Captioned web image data
==========

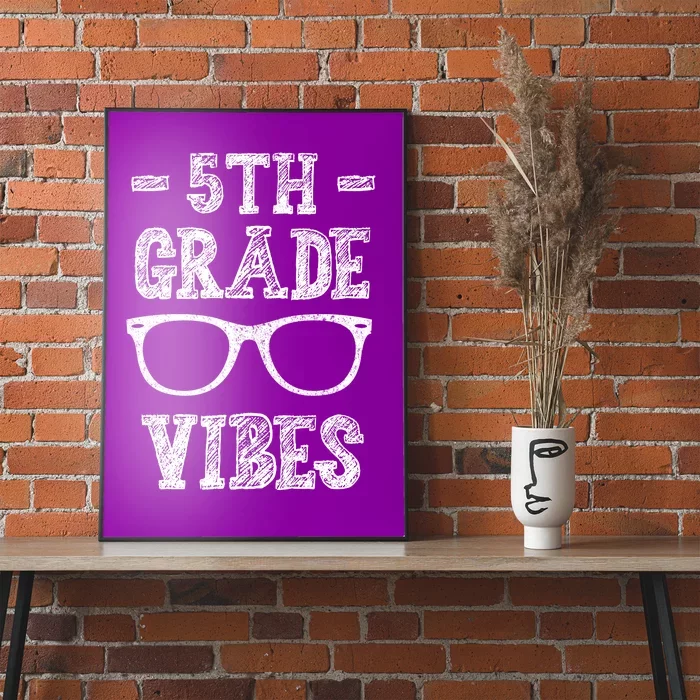 5th Grade Vibes Poster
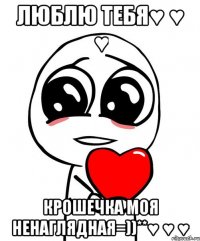 люблю тебя♥ ♥ ♥ крошечка моя ненаглядная=))**♥ ♥ ♥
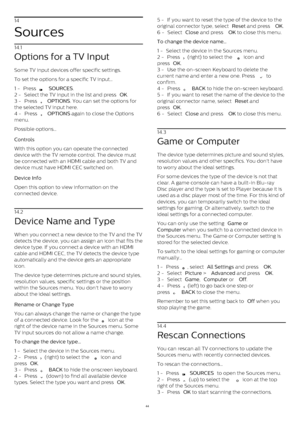 Page 4414
Sources
14.1
Options for a TV Input
Some TV input devices offer specific settings.
To set the options for a specific TV input…
1 -  Press 
   SOURCES .
2 -  Select the TV input in the list and press  OK .
3 -  Press 
   OPTIONS . You can set the options for
the selected TV input here.
4 -  Press 
   OPTIONS  again to close the Options
menu. 
Possible options…
Controls    
With this option you can operate the connected
device with the TV remote control. The device must
be connected with an HDMI...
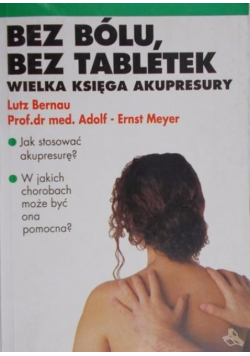 Bez bólu bez tabletek Wielka księga akupresury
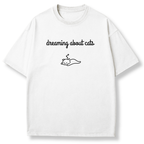 Dreaming About Cats T-shirt
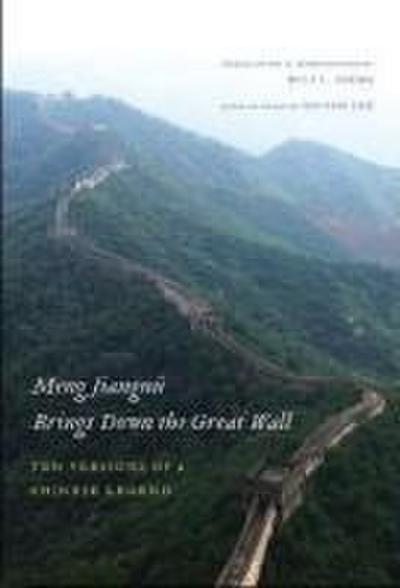 Meng Jiangn Brings Down the Great Wall: Ten Versions of a Chinese Legend (China Program Books (Paperback))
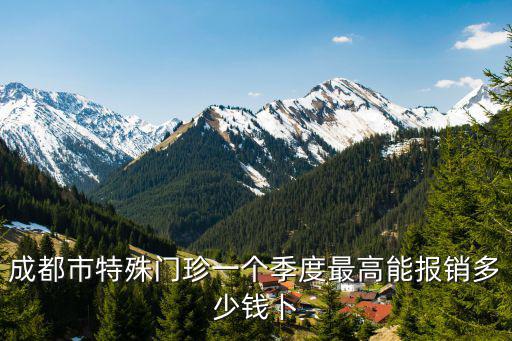 成都市醫院特殊門診的報銷，成都市特殊門珍一個季度最高能報銷多少錢卜
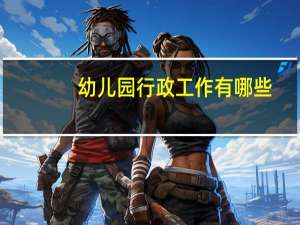 幼儿园行政工作有哪些
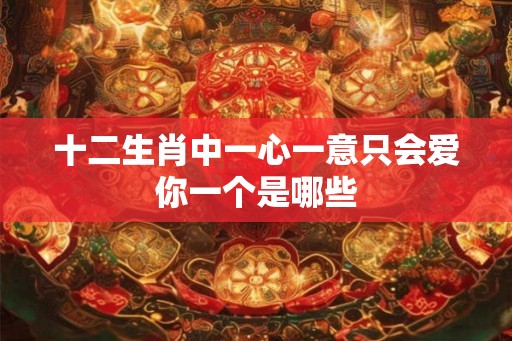 十二生肖中一心一意只会爱你一个是哪些 十二生肖中一心一意只会爱你一个是哪些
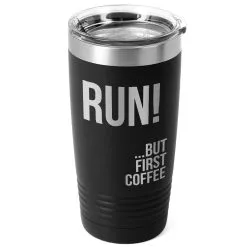 Running 20 Oz. Double Insulated Tumbler - But First Coffee -goneforarun Sales 2023 tr 36046 BLACK MAIN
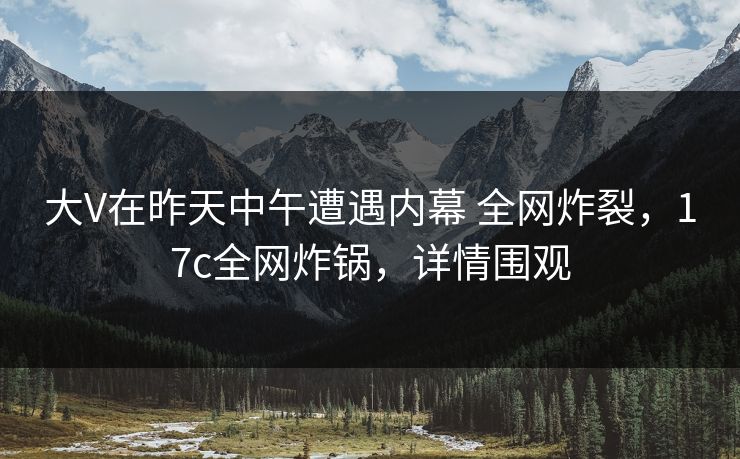 大V在昨天中午遭遇内幕 全网炸裂，17c全网炸锅，详情围观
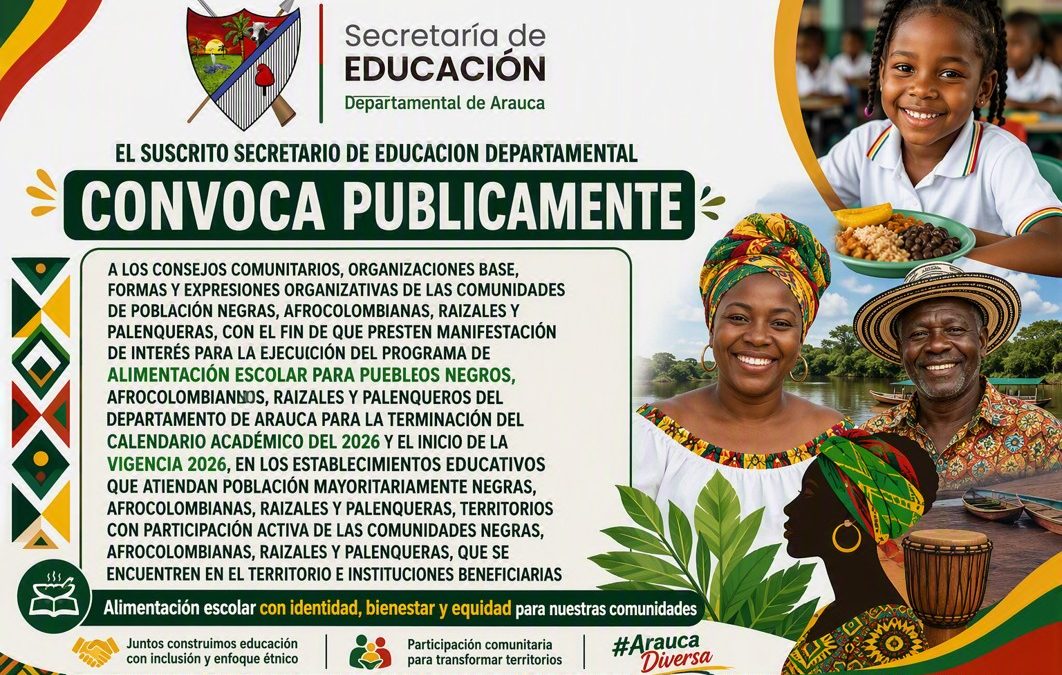 Secretaría de Educación Departamental convoca a organizaciones de comunidades negras, afrocolombianas, raizales y palenqueras para la ejecución del PAE en Arauca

==========

An exact copy is needed of every line from the line containing "Dreaming About Cats T-shirt" to the last line of the records; pictures stay out of it.

# Completed task
 Dreaming About Cats T-shirt
 Meng Jiangn Brings Down the Great Wall: Ten Versions of a Chinese Legend (China Program Books (Paperback))
 成都市醫院特殊門診的報銷，成都市特殊門珍一個季度最高能報銷多少錢卜
 幼儿园行政工作有哪些
 十二生肖中一心一意只会爱你一个是哪些 十二生肖中一心一意只会爱你一个是哪些
 Running 20 Oz. Double Insulated Tumbler - But First Coffee -goneforarun Sales 2023 tr 36046 BLACK MAIN
 大V在昨天中午遭遇内幕 全网炸裂，17c全网炸锅，详情围观
 Secretaría de Educación Departamental convoca a organizaciones de comunidades negras, afrocolombianas, raizales y palenqueras para la ejecución del PAE en Arauca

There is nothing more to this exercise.